[Data to process — start]

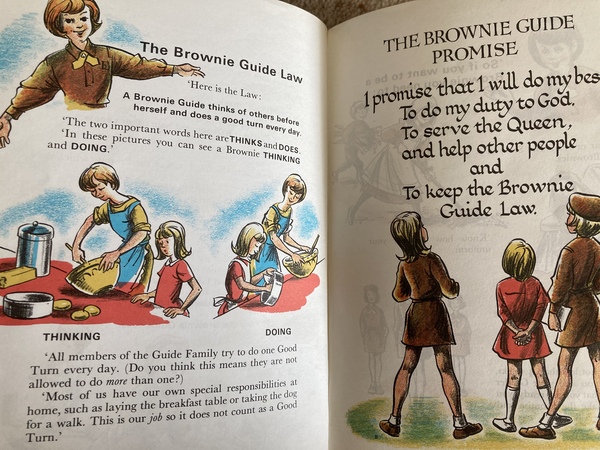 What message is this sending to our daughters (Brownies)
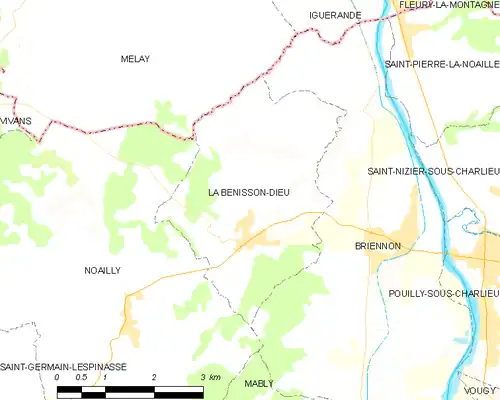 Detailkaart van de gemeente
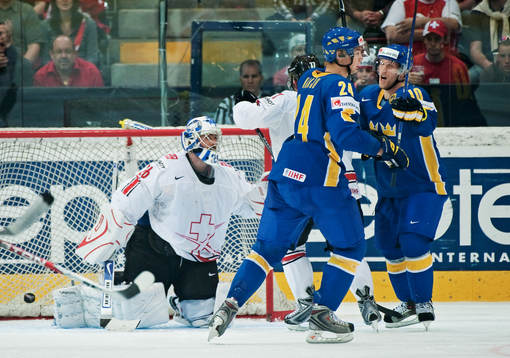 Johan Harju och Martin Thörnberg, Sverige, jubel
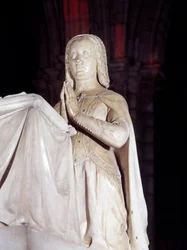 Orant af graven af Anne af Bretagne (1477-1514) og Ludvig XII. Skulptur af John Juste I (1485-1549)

[Data to process — finish]
[Data to process — start]

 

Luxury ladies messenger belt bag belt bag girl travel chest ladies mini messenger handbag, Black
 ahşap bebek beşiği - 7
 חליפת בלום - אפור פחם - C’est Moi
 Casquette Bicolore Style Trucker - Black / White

[Data to process — finish]
[Data to process — start]

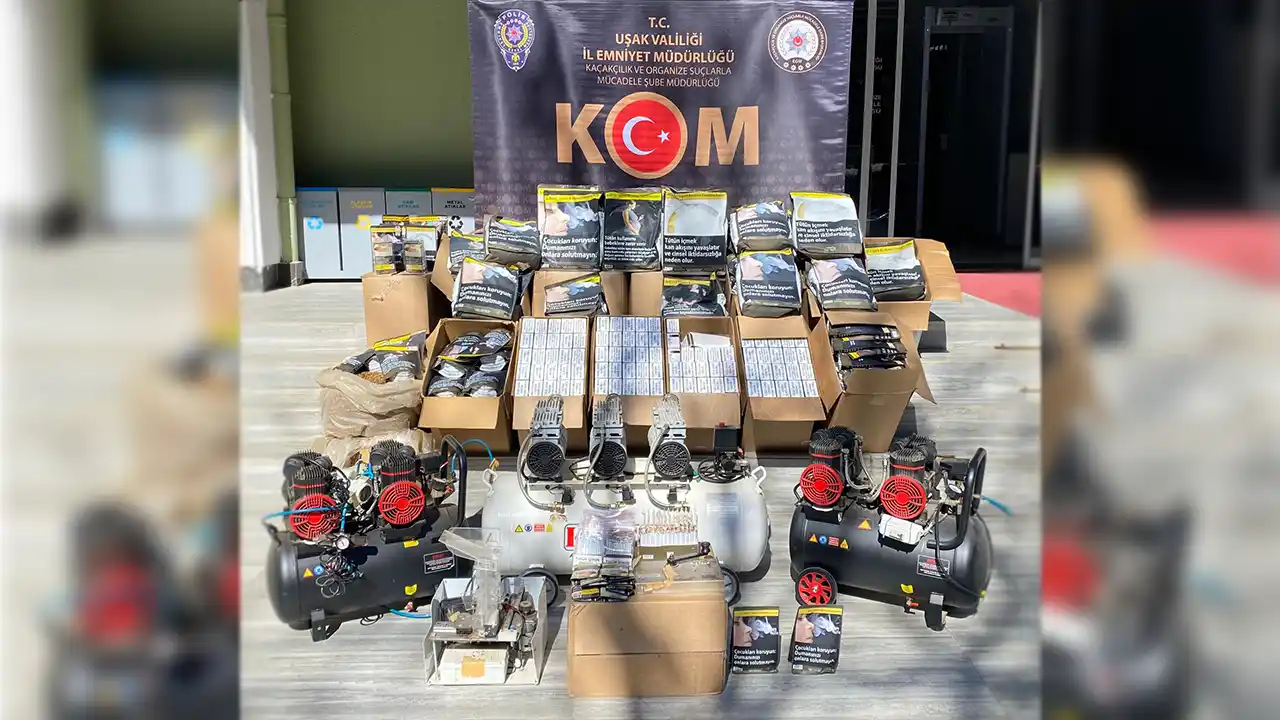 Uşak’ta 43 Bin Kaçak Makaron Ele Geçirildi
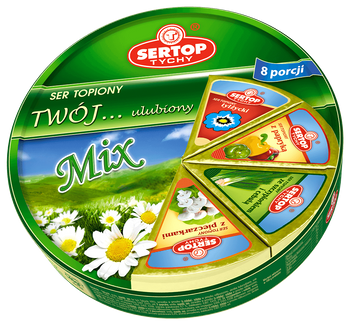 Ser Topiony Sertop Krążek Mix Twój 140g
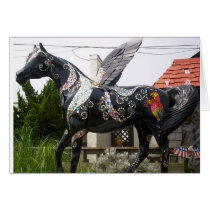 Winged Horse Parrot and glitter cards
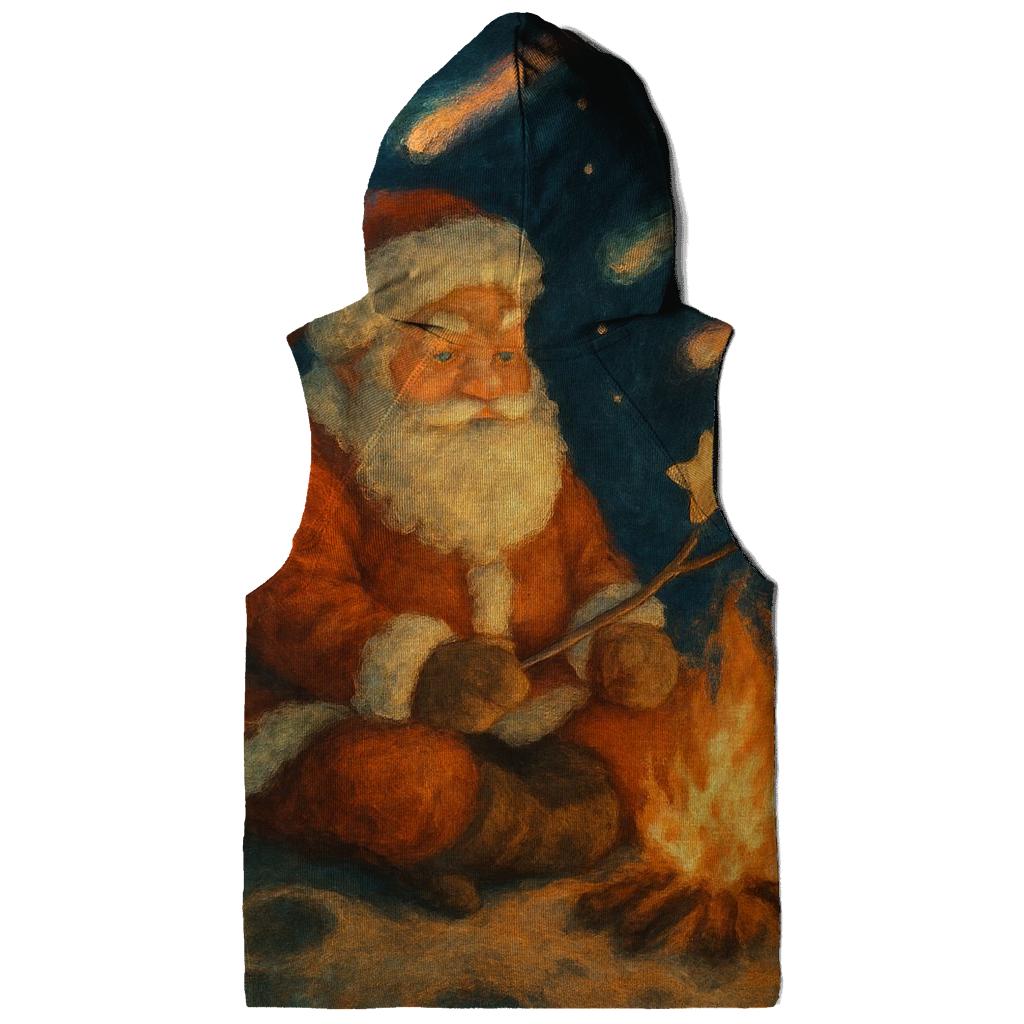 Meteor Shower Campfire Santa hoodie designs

[Data to process — finish]

_What needs to be done_
Locate the word "Black" in the data above. Copy every line carrying it.

_Solution for this task_
Luxury ladies messenger belt bag belt bag girl travel chest ladies mini messenger handbag, Black
 Casquette Bicolore Style Trucker - Black / White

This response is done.